Trotz allem einen schönen Abend und viele Grüße
Patricia


----------



## Koi-Uwe (11. Sep. 2007)

*AW: Ich bin traurig!!!*

Hmmm,
wir kennen diese Situation nur zu gut. Es geht einem echt unter die Haut.

Tröstliche Grüsse

Uwe


----------



## Annett (12. Sep. 2007)

*AW: Ich bin traurig!!!*

Hallo Patricia,

das tut einem immer richtig weh, wenn man zu spät zum Helfen kommt. *knuddel* *tröst*
Richte für die nächsten Igel deinen Garten gut her, damit sie bei Dir in der unvergifteten Umgebung bleiben.
Es gibt übrigens zwei vers. Schneckenkornsorten. Eines davon soll igelungefährlich sein. 
Ich benutze keines mehr. Wenn die __ Schnecken von den paar Erdbeeren was fressen, werf ich sie auf die Straße. : 
Haben zum Glück einige Weinbergschnecken, die sich über deren Eier hermachen sollen... und einen Igel hab ich auch schon auf dem Hof gesichtet. Leider wird er nicht geblieben sein, denn hier fehlt noch jede Menge Gehölz. :?


----------



## ra_ll_ik (12. Sep. 2007)

*AW: Ich bin traurig!!!*



> Es gibt übrigens zwei vers. Schneckenkornsorten. Eines davon soll igelungefährlich sein.



Das ist mit neu.
Es steht eigentlich immer nur "Bienenungefährlich" auf den Packungen....
Aber egal, ich hab´s aufgegeben, ich könnte soviel Korn garnicht ausbringen um die Viecher um die Ecke zu bringen....
Mittlerweile haben sie es sogar ins Gewächshaus geschafft.....Paprika ist schon dahin...


----------



## Koi-Uwe (12. Sep. 2007)

*AW: Ich bin traurig!!!*

Moin,
seit dem wir Pinienrindenmulch haben, haben wir auch kein Schneckenproblem mehr.

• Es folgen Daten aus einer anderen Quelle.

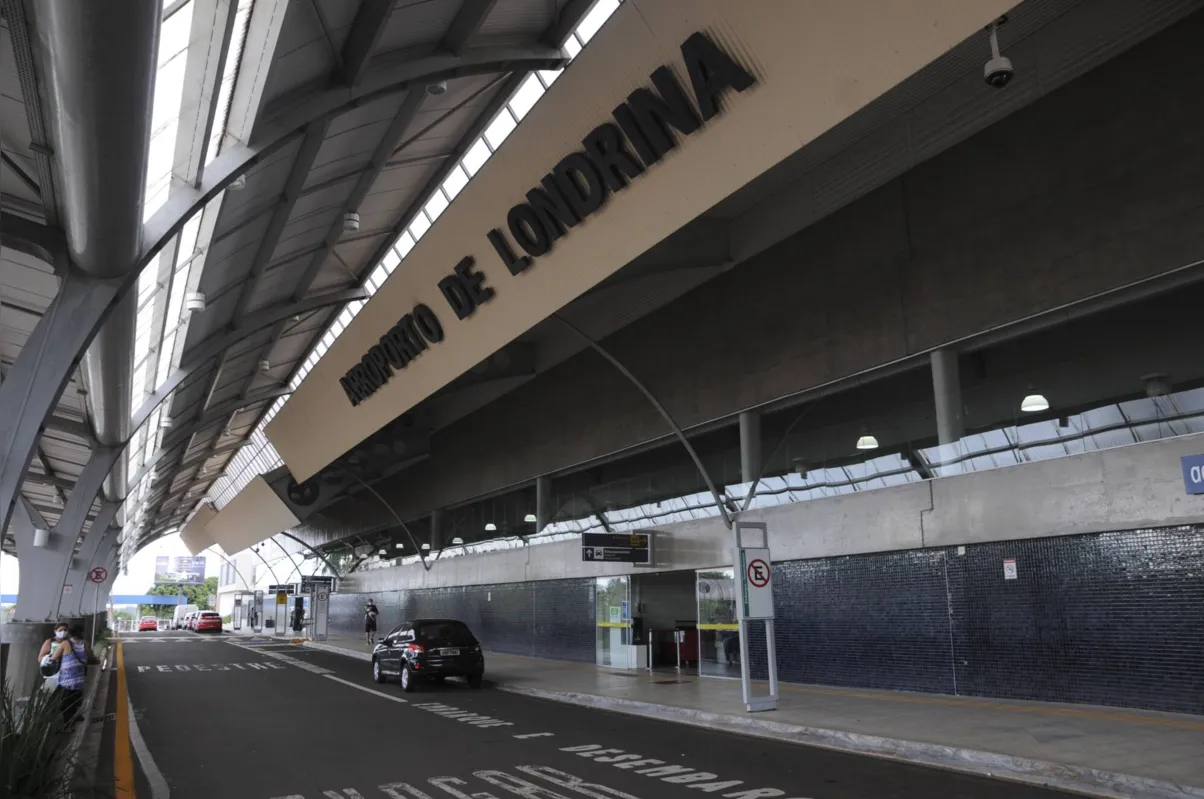 Imagem ilustrativa da imagem Leilão do Aeroporto de Londrina é confirmado para 7 de abril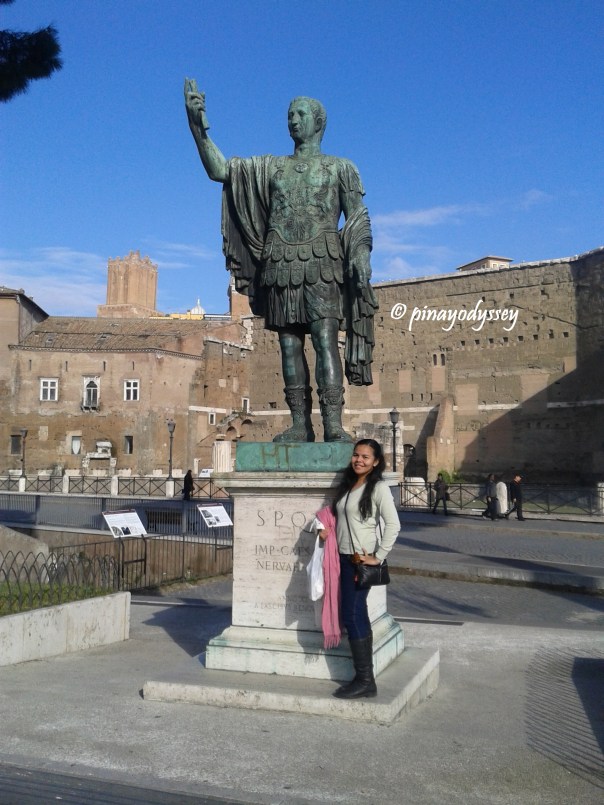 A statue of a Roman emperor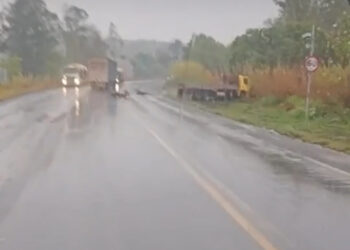Motociclista sofre múltiplas fraturas em acidente com  caminhão na BR-354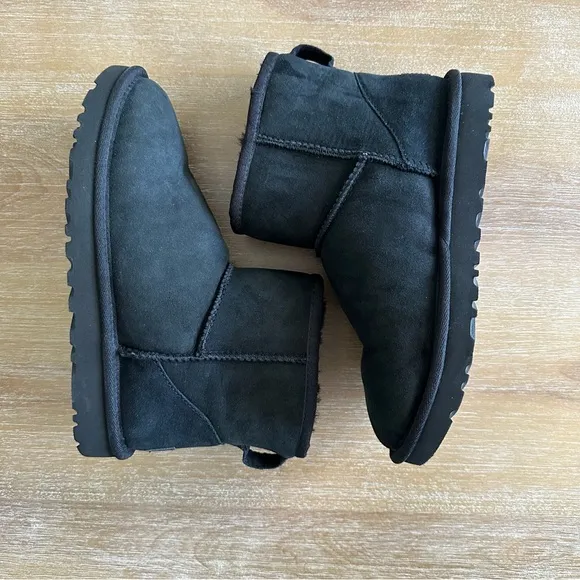 UGG Women’s Classic Mini ll Black Ankle Boot Shearling Sheepskin
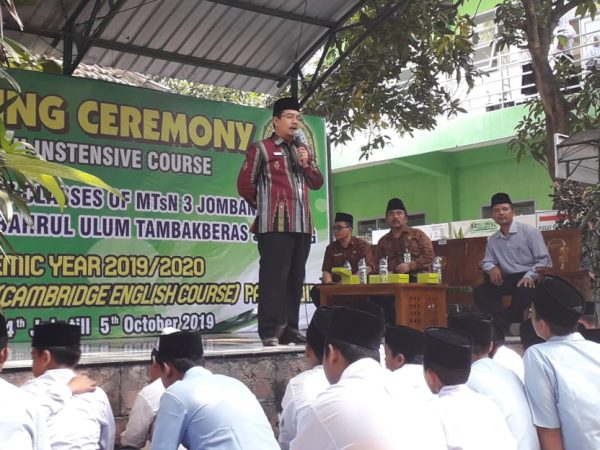 Kepala Kemenag Jombang Beri Sambutan di Opening Ceremony English Intensive Course MTsN 3 Jombang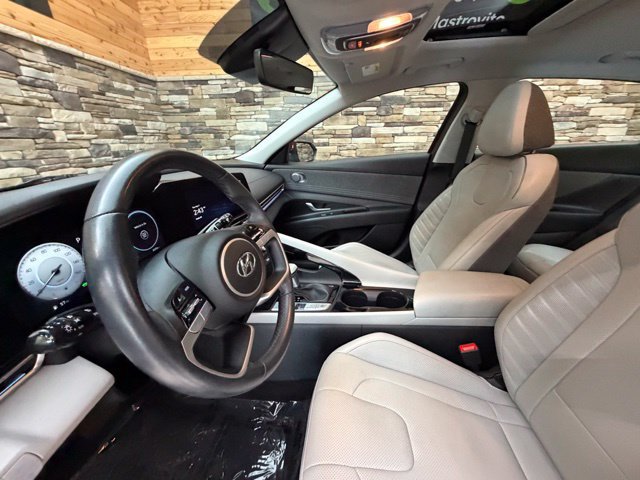 Certified 2023 Hyundai Elantra Limited w/ Preferred Accessory Package FWD image 14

Die mögen das Zeug wohl nicht.


Uwe


----------



## Baitman (12. Sep. 2007)

*AW: Ich bin traurig!!!*

Hallo Patricia!

Kann das total nachvollziehen... Irgendwie nimmt das einem mit, gerade wenn man sehr tierverbunden ist und selbst n kleinen Streichelzoo zuhause hat... Im letzten Urlaub is ein kleines Lamm in meinen Armen gestorben, es wurd von nem Marder in den Hals gebissen... Es hat gejammert, konnte einfach nicht weitergehen, wurd in meinem Arm dann immer ruhiger... Der Tag war dann gelaufen... Habs dann runter ins Dorf zum Schäfer gebracht, wenigstens hatte der Marder nix davon...:? 

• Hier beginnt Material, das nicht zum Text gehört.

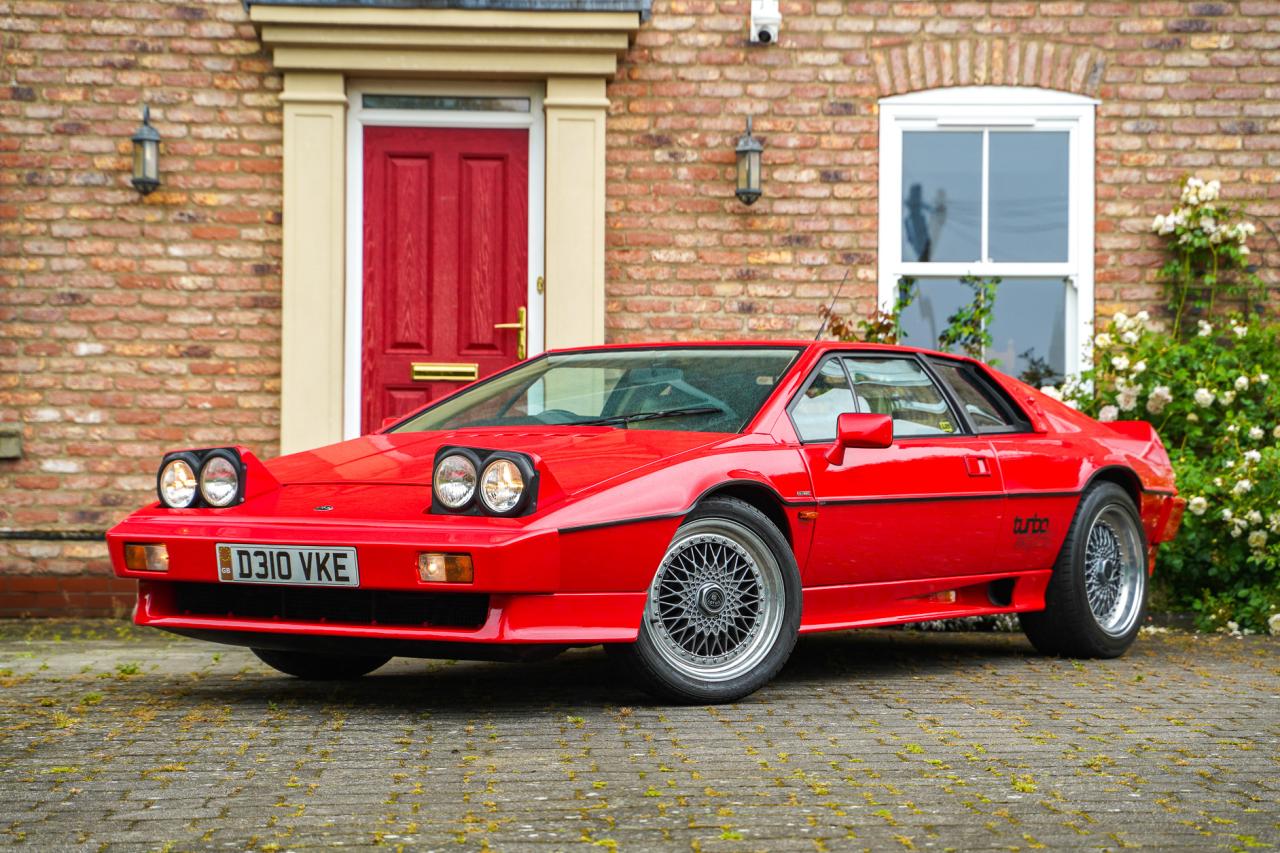 1987 Lotus Esprit Turbo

Dafür konnte ich dieses Jahr n Igel retten, ist hinter die L-Steine im Garten gefallen und kam nicht wieder raus... War bestimmt schon n paar Tage drin, hab ihn nur durch Zufall gefunden als ich nach nem Ball für meinen Hund gesucht hab...

Gruß
Steffen


----------



## Annett (12. Sep. 2007)

*AW: Ich bin traurig!!!*

Hallo Ralf,

schau mal hier nach oder hier. Es sind sogar 3 vers. Wirkstoffe.
Das Zauberwort heißt wohl Ferramol.


----------



## Patricia (12. Sep. 2007)

*AW: Ich bin traurig!!!*

Hab die ganze Nacht von toten Igeln geträumt....

Tja, also ich könnte mir schon vorstellen, dass der eine oder andere Nachbar von uns ordentlich Schneckenkorn ohne Gewissensbisse veteilt. Für so'n kleines Igelchen wirds dann zum Verhängnis...

Aber was kann man tun? Den Nachbarn ins Gewissen reden? Werde die traurige Geschichte auf jeden Fall in der nachbarschaft in Umlauf bringen, vielleicht hilfts ja ein klein wenig.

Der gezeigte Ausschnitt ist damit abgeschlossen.